Somehow I actually found this program. It was ran about 10 years ago and was a one time job. The parts had something to do with repairing a robotic arm and they needed them the next day. After the video the coolant was turned on and I added about 400% to the feed rate. It ran great. % :2143(END EFECTOR658 SLY) G40G80G99M23M64 G10P0Z19.915(SET WORKSHIFT) M106 IF[#1000EQ1]GOTO999(EOB CHECK) IF[#531GE#530]THEN#3000=1(JOB COMPLETE) #531=#531+1 #527=#527+1 (SET R TO 0)
We had it rebuilt a couple times by different companies but within a year it sound like crap again. This video is from 4 years ago and it's still on the same bearings. Sounds like shit but still holds +/- .0002" and keeps a good finish. How I don't know.
that doesn't sound like a bearing issue to me a bearing problem would be a rough grinding noise usually a noise like this is from crashing there is really nothing you can do about that.
Wonder why the holes were drilled off-center in both X and Y. It’s easier to position the holes more accurately when using only C axis rotation and positioning the tool in X only.
On this particular part the spacing from hole to hole was more critical than the centerline of the bar. By using X/Y instead of C the spacing from hole to hole is perfect even if X geometry is off a couple thousandths just as it would be on a milling machine. Moving X or Y geometry moves all of the holes together in the same direction. Which makes it very easy to dial-in on a part with such a weird shape where none of the features are on centerline. Most of the parts we run on this machine are round and I use C-axis on them. I just prefer to use X/Y on the parts with odd shapes.

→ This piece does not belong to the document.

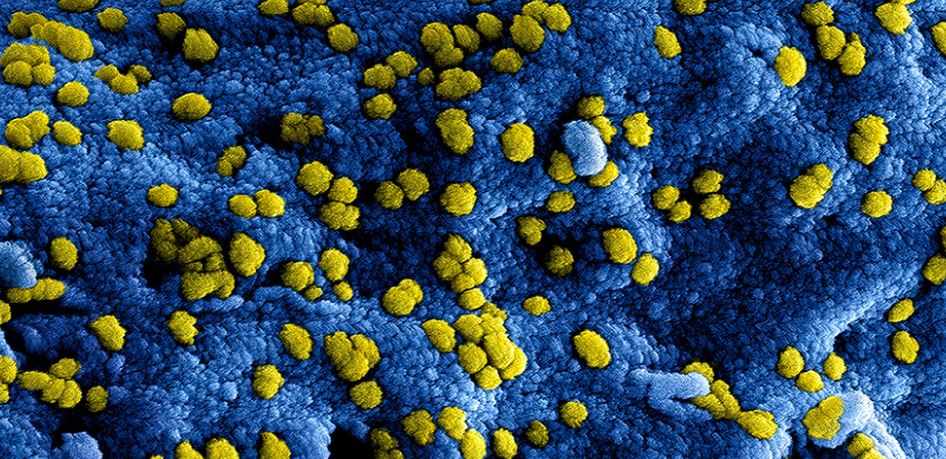 Iyo virusi yandurira mu mwuka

@@donwilliams4602 Thanks for the explanation, that makes perfect sense now! Most parts I run on the lathe are round with milled features relating to centerline, so bolt patterns and such are easiest to keep centered when using X/C.
C axis is not more accurate because the final drive are just belts driven by the spindle servo. They stretch and shrink with time and heat. One arc minute runout from the flimsy belt worsens the accuracy as you move away from the centerline. I own a c axis live tooling lathe I don't count on it for precision milling.

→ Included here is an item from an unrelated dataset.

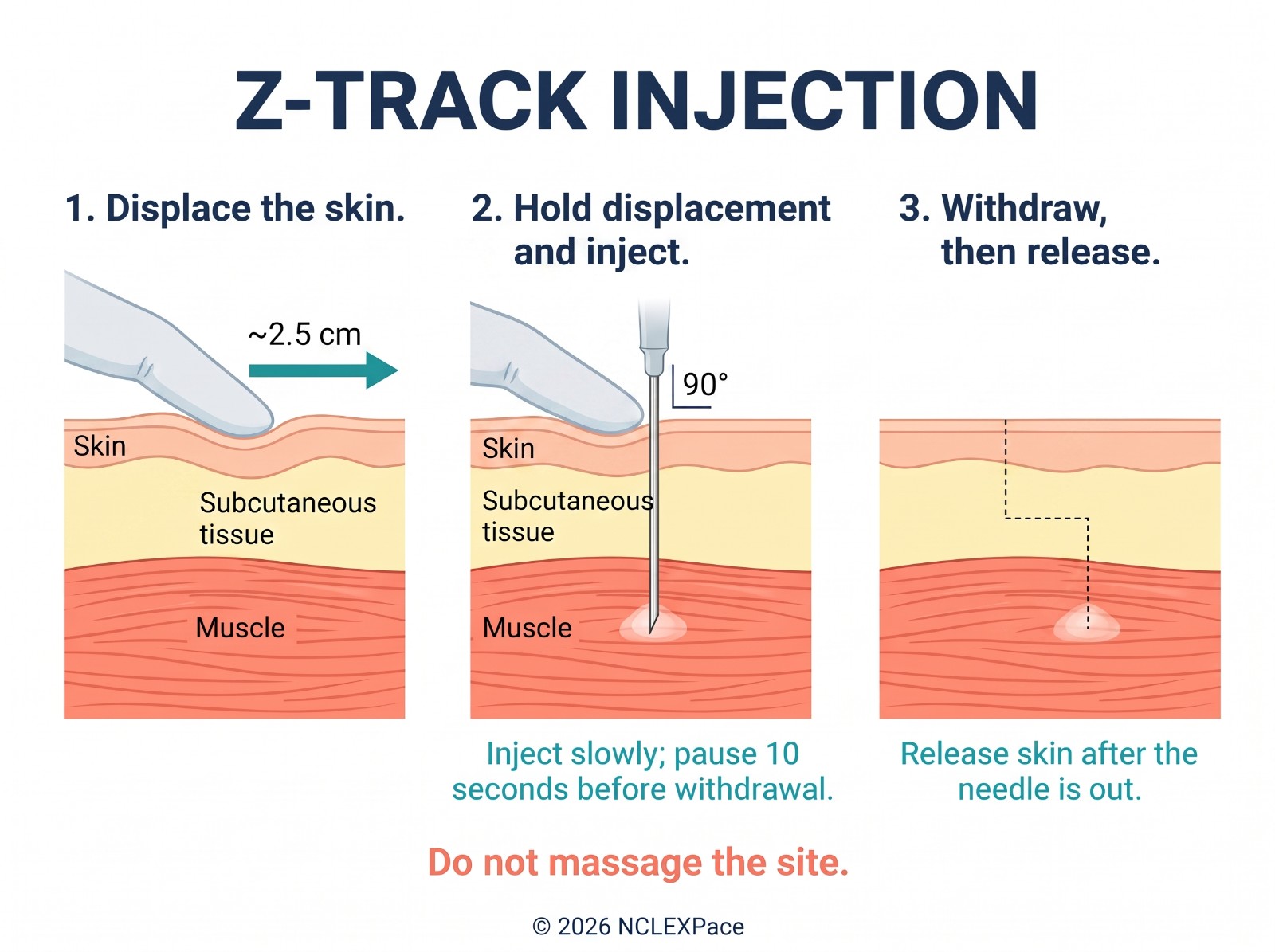 Z-track intramuscular injection: the skin is pulled to the side before the needle goes in and released after, sealing the medication in the muscle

@@impactodelsurenterprise2440 The positioning of the C axis has noting to do with the spindle drive belts. It's totally controlled by the position encoder on the C axis drive unit and the spindle break. The belt just drives the spindle, the encoder in the servo is what reports the position to the control.
Nah. Most lathes have a very limited range of motion in the Y axis as it is a compound axis using both the X and Y slides at the same time. I can't tell you home many times I had to break parts into small sections just so I reach all of the features. I would usually work in the X+ and Y- quadrant in order to get as much travel as possible. Not to mention the limited torque and RPM on the live tools.

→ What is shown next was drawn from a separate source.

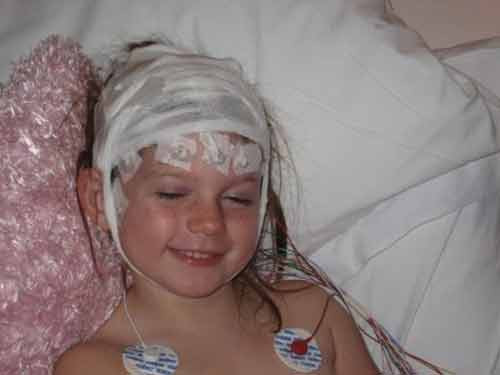 Các bác sĩ cũng chọn phương án mạo hiểm là phẫu thuật cắt nửa bên não với tỷ lệ sống hết sức mong manh. Tuy nhiên kết quả thật bất ngờ, phương pháp này không những đã cứu sống bé Jessie, mà còn cho em những hy vọng mới về cuộc sống. Sau ca phẫu thuật, Jessie đã có những dấu hiệu hồi phục tuyệt vời. Cô bé đã có thể đi lại trong phòng tập, dưới sự hướng dẫn của các bác sĩ.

@@brandons9138 the shop owner are getting smarter, most of the live tooling lathes (80%) that I service now have a Y axis , more range and easier to program
0:13 sounds like something from Half life 2 lmao
This is great stuff, Don. It looks like much of the contouring was done in G112 Polar Coordinate Interpolation, which I’m currently trying to perfect. I know you use Partmaker or FeatureCam to draw the contours and the CAM software generates the G-Code, but it would be extremely helpful to a lot of machinists out there if you could make some of the G-Code of this program available to download or look at. That way some of us CNC guys can learn the details of using G112.
Once G112 is active all you have to do is program it with standard XY coordinates. The control will use a combination of X and C to simulate the Y moves. G41 and G42 work just like the would in a standard milling program. However most machines will not allow you to use rapid moves inside of a G112 program. All repositioning moves have to be done using feed rates. Also as you can some what see from this video maker sure any repositioning move is done outside the part. the machine will make moves that you can't exactly predict while using a G112. If you machine has been crashed some times if you have to combine a g112 and XY milling they may not line up as you'd expect. The easy way to check is to mill a square using G112 in the face of a piece of stock the mill a smaller square inside the face of first square. If the corners don't line up you'll have issues with features not lining up when you combine g112 and XY milling. I found that out the hard way.
Somehow I actually found this program. It was ran about 10 years ago and was a one time job. The parts had something to do with repairing a robotic arm and they needed them the next day. After the video the coolant was turned on and I added about 400% to the feed rate. It ran great.
%
:2143(END EFECTOR658 SLY)
G40G80G99M23M64
G10P0Z19.915(SET WORKSHIFT)
M106
IF[#1000EQ1]GOTO999(EOB CHECK)
IF[#531GE#530]THEN#3000=1(JOB COMPLETE)
#531=#531+1
#527=#527+1
(SET R TO 0)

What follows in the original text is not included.